Although SkyWest Airlines announced its intention to stop providing service to the Greenbrier Valley Airport, air service is not expected to be impacted immediately.
Airport Director Brian Belcher explained the withdrawal won’t affect service for the next several months, if at all. Further, an order from the United States Department of Transportation (DOT) prevents SkyWest from pulling out of the Lewisburg airport until another airline is secured.
“This sounds bad – it’s not as bad as it sounds,” said Belcher. “We’re going to continue to have service. You can continue to buy tickets with us and fly.”
Belcher said that any new provider to the airport will have to be as good as what the airport is able to offer with SkyWest.
“SkyWest has a good product, and we’re going to work as hard as we can to bring in a comparable service,” he said. “We don’t want anything less [than] jet service connected to the global network.”
SkyWest issued a notice of intent on Mar. 10, announcing its plans to terminate service at 29 smaller airports across the country, effective June 8. Greenbrier Valley Airport was on that list.
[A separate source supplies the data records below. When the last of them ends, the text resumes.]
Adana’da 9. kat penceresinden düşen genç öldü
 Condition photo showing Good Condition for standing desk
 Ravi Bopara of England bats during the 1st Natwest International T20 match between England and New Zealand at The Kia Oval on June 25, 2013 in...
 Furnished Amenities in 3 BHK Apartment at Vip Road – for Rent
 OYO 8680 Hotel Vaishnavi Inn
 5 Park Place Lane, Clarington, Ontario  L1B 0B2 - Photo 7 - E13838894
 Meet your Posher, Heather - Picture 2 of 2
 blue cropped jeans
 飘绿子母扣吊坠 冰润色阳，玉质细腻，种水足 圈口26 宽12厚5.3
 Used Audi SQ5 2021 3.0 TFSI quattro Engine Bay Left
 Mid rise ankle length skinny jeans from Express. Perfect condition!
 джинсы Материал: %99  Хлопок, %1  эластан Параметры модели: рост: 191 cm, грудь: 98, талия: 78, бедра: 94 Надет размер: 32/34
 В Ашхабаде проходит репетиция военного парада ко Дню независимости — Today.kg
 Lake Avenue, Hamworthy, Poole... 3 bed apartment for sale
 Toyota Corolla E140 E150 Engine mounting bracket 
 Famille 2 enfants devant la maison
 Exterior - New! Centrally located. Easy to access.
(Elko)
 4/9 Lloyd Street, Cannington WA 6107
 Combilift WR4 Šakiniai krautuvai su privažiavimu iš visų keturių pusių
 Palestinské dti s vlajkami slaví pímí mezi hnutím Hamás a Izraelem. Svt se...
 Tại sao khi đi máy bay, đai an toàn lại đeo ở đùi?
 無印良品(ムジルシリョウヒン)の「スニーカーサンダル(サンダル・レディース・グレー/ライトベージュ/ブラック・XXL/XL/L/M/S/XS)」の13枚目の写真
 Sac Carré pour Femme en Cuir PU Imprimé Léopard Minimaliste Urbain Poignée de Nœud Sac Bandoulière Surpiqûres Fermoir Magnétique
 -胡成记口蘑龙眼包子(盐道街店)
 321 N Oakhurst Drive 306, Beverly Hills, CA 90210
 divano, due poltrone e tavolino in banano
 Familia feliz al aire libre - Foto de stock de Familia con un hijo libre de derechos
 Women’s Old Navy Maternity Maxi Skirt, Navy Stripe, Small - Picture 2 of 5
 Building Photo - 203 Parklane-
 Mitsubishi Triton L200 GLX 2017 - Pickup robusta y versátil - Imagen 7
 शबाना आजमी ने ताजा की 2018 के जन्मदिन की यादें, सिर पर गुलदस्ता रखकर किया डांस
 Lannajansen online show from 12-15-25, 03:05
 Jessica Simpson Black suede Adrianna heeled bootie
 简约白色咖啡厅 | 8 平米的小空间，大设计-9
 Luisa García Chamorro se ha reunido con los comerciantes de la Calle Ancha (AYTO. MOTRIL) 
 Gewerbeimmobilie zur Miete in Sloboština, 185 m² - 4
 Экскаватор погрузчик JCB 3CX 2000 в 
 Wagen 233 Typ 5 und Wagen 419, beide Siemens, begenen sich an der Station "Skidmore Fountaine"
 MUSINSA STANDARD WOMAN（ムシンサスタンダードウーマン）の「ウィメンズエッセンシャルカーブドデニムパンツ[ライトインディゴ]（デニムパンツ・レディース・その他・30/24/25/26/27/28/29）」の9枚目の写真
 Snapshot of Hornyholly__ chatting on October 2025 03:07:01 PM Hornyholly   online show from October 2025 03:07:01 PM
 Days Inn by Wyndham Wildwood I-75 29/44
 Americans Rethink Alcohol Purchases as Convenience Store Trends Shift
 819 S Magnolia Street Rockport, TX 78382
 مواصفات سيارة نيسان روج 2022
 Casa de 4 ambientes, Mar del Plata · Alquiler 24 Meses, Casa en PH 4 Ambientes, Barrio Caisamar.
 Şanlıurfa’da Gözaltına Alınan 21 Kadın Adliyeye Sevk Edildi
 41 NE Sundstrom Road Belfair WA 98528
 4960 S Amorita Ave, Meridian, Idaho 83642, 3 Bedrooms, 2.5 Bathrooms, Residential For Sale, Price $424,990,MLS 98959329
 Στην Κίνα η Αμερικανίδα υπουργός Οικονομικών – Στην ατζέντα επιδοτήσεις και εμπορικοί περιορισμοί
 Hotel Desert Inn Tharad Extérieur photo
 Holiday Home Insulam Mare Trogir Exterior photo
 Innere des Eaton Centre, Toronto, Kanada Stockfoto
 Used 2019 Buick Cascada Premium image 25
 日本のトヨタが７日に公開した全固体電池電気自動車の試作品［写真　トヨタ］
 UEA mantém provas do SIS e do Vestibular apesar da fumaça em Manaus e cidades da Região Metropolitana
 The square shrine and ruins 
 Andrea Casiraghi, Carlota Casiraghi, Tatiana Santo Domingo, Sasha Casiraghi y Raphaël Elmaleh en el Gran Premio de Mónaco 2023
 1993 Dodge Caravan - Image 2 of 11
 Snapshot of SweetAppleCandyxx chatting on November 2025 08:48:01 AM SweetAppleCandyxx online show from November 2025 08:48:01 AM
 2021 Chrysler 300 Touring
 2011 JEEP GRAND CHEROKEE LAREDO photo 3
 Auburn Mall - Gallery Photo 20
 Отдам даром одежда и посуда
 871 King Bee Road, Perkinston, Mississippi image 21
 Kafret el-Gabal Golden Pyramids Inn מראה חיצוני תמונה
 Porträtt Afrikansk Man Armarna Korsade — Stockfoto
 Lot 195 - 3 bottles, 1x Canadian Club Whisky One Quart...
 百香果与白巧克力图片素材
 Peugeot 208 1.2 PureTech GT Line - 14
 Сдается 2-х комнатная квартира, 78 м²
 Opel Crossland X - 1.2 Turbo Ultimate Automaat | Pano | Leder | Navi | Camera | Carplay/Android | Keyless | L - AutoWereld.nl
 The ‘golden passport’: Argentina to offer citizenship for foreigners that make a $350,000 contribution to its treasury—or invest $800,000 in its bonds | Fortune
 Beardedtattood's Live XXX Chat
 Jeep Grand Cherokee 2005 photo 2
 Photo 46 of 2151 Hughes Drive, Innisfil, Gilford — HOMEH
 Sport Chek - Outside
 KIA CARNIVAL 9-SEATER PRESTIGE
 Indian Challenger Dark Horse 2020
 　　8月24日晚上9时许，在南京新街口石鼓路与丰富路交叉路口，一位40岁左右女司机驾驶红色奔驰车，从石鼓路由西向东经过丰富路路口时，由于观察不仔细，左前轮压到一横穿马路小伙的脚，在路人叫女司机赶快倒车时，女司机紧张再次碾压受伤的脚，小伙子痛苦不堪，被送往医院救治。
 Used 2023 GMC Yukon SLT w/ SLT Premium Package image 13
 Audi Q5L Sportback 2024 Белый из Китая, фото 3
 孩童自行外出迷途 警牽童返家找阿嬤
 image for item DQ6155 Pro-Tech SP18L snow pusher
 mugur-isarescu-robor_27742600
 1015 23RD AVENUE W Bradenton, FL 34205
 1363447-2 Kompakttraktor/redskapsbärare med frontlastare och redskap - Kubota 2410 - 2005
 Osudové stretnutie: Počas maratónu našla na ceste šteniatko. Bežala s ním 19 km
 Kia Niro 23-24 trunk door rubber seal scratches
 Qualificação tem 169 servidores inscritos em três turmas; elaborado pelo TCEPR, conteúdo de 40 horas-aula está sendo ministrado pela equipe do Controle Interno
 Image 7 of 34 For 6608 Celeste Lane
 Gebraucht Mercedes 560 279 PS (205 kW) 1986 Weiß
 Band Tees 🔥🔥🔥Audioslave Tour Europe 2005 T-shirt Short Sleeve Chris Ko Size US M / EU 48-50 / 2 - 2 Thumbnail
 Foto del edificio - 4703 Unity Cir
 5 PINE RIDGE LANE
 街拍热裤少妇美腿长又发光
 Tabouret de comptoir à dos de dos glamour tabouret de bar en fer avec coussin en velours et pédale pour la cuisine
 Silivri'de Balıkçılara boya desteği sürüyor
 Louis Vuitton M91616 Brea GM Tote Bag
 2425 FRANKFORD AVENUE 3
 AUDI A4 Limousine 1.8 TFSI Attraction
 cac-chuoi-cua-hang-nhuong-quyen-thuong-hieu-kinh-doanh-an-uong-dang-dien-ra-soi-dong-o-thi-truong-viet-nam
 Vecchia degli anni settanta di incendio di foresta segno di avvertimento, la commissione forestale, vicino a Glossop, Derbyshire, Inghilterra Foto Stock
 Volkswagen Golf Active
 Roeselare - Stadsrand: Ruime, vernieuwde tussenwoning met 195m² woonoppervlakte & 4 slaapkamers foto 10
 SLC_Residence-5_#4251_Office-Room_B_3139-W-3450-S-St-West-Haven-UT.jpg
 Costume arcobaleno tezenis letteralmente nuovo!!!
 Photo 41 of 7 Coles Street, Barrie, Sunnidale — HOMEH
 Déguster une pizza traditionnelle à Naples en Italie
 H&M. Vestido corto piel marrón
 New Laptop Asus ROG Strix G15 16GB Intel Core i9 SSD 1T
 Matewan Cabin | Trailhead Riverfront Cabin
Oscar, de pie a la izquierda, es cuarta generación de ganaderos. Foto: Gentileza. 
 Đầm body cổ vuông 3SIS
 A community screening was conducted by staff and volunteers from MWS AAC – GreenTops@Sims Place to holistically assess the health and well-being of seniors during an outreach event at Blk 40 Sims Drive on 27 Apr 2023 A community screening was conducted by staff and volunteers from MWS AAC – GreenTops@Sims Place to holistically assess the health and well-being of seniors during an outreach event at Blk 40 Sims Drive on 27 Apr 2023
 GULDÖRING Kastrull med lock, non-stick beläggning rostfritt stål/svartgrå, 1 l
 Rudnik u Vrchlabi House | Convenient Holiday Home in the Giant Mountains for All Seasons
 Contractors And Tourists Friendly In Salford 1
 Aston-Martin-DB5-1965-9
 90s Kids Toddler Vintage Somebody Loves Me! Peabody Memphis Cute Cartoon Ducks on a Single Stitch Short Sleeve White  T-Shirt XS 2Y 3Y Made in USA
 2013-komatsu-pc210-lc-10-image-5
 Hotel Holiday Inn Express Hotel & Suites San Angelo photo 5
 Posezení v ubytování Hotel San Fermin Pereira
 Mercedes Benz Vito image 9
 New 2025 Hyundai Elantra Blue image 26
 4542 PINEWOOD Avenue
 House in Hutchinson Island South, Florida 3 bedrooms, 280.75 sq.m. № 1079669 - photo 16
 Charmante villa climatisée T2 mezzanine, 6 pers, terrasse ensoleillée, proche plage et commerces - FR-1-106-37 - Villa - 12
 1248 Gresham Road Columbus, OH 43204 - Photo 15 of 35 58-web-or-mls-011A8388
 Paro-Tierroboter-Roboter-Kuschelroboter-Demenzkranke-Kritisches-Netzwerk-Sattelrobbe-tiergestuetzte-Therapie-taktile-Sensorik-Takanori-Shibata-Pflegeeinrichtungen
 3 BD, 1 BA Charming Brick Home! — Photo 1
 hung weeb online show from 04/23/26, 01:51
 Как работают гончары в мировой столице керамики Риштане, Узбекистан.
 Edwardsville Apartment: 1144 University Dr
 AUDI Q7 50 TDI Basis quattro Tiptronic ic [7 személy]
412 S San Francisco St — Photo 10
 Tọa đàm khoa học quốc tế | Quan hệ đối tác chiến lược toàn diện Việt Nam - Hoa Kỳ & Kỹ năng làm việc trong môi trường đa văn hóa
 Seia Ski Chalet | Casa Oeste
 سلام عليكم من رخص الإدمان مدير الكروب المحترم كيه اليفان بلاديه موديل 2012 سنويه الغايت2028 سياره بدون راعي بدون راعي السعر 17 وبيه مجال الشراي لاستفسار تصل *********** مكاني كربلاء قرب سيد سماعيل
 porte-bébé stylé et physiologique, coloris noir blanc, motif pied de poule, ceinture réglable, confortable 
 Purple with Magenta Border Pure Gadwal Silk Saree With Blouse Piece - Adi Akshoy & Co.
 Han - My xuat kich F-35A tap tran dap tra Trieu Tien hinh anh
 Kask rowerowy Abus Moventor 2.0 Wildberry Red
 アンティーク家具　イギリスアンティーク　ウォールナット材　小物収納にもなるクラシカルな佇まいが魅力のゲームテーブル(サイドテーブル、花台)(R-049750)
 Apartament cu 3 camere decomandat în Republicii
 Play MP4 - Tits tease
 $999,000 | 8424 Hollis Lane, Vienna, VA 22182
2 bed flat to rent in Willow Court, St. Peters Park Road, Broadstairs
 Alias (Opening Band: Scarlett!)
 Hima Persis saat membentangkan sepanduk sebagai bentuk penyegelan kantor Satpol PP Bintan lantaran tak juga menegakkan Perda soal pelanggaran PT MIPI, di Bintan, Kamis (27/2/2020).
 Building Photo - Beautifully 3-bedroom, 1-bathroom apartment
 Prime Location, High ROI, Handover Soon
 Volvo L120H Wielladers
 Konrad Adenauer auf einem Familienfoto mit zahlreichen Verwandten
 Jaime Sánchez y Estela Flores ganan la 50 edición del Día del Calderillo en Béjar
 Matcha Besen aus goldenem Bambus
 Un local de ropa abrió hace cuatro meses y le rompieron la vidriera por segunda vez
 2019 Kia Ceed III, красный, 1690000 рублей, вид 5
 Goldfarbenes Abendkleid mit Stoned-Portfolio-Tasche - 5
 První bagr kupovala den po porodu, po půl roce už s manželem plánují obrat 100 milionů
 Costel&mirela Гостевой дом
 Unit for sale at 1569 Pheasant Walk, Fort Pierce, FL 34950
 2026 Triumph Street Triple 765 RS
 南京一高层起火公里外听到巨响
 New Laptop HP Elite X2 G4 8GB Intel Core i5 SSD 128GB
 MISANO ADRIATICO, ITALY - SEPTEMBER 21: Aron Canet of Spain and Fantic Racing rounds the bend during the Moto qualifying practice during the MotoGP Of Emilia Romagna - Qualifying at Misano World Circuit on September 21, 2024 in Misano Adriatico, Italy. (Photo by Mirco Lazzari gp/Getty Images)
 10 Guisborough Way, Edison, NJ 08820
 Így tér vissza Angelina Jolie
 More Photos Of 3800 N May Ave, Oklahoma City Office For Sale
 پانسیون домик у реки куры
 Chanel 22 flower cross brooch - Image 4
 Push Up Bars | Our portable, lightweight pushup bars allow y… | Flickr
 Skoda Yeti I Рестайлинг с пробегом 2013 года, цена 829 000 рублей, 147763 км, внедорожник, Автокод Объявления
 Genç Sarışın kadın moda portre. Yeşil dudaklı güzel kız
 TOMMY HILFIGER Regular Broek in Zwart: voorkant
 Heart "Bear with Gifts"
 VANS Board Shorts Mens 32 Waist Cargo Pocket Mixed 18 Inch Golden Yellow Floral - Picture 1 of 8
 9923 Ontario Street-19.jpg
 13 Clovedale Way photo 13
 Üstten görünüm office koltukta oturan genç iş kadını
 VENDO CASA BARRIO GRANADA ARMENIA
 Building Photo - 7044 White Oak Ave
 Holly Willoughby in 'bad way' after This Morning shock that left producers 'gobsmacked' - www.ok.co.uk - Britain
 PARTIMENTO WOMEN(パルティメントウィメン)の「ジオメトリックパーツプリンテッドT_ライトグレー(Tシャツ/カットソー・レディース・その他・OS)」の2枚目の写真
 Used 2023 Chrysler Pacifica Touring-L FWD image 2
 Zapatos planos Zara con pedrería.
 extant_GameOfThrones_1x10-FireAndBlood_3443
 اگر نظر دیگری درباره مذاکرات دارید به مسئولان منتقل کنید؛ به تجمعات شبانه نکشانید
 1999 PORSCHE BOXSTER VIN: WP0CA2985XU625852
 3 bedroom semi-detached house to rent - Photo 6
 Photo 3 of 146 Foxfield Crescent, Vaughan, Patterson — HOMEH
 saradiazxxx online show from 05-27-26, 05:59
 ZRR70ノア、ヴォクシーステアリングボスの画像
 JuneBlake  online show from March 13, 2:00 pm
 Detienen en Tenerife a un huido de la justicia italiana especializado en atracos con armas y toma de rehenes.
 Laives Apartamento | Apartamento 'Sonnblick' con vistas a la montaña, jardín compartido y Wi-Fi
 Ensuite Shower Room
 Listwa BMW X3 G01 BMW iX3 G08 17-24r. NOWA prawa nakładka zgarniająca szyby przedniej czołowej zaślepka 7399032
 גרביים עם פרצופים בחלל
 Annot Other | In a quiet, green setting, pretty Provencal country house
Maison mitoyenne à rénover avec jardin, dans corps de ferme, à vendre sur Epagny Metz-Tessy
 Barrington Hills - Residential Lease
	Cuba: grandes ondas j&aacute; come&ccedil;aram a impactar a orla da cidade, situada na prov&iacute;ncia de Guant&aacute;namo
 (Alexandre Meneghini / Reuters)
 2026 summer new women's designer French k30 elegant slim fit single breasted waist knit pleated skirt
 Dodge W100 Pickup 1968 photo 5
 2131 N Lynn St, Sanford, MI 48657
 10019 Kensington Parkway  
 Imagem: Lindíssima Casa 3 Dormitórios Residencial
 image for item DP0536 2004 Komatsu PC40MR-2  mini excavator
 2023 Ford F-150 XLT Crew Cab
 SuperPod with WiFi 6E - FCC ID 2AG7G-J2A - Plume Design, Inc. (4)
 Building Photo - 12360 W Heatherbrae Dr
The air service filing stated, “although SkyWest Airlines, Inc. would prefer to continue providing scheduled air service to these cities, the pilot staffing challenges across the airline industry preclude us from doing so.”
SkyWest had stated in an earlier filing with the DOT that “the staffing imbalance caused by the COVID-19 pandemic hampers SkyWest’s ability to meet this schedule.”
Following the Mar. 10 notice of intent from the airline, the DOT responded to SkyWest’s announcement on Mar. 11, halting a full pull out.
“In the event that [DOT] does not secure another air carrier to provide essential air service at a community listed in this order, the department, … prohibits SkyWest Airlines, Inc., from terminating service at the points where replacement service is not secured for the 30-day period from June 8, 2022, through July 8, 2022 (and for additional 30-day periods as necessary), or until the date on which another air carrier begins essential air service at the community/communities, whichever occurs earlier,” reads the order.
Although this means the Greenbrier Valley Airport will soon be without SkyWest as a service provider, officials have time to find a new carrier.
The announcement left airport administrators disappointed.
“We understand the pilot shortage situation in today’s airline industry, but we feel all options should have been explored before Skywest/United took this drastic measure of leaving 29 small communities and putting them in a difficult position of finding another carrier,” said Deborah Phillips, Greenbrier County Airport Authority board chair. “We will work with our U.S. Senators and Congressional delegation in looking at all our options to solve this problem.”
Belcher, highlighting that this was his opinion, cited the airport’s rejection of a potential pilot training program as something that may have informed SkyWest’s decision to pull out of Greenbrier Valley Airport. In order to fly larger planes, he said, new pilots must first fly smaller planes for a number of hours. SkyWest approached the airport with a request for more service using smaller planes, he said.
“One of the solutions offered was a nine-seat aircraft solution that we [the airport authority and Belcher] didn’t think that would work in this market, considering that we’ve had jet service for so long,” Belcher explained. “Our clientele expects good service, they expect jet service, and that’s what we’d like to keep here. … As soon as we all kind of rejected that idea, because we told [them] we’d like for [them] to find another solution, then they came back two weeks later with this.”
Suspecting that SkyWest may be looking to remove service from the Greenbrier Valley, airport officials were already looking at other options.
“(In order) to keep our region connected to the global marketplace, we had already been in discussions with other airlines to serve this market prior to this announcement,” said Belcher.
Once another provider is in place, Belcher will be able to say if the current flights to Chicago’s O’Hare International Airport and Washington, D.C.’s Dulles International Airport will continue.
“We’re trying to work with airlines that have hubs,” Belcher said. “That can be any hub within a one-to-two-hour flight time. If you just look at the airline hubs, it could be any of those. I was going to say it might not be Chicago, but it could be, because they have other airlines besides United. We’re going to work with any airline that’s interested. You’ve got Charlotte, Atlanta, or any of the D.C. airports, New York airports.”
The notice lists SkyWest’s “annual contract subsidy rate” as $3,758,289, with the current term running from April 2020 to March 2023. The company was brought in after the termination of the airport’s contract with ViaAir in early 2018.
The filing also lists passenger traffic totals from the past several years, with 2018 totaling 15,483, 2019 as 24,531, 2020 as 11,993, and 2021 as 17,892. There are regularly 12 weekly round trips.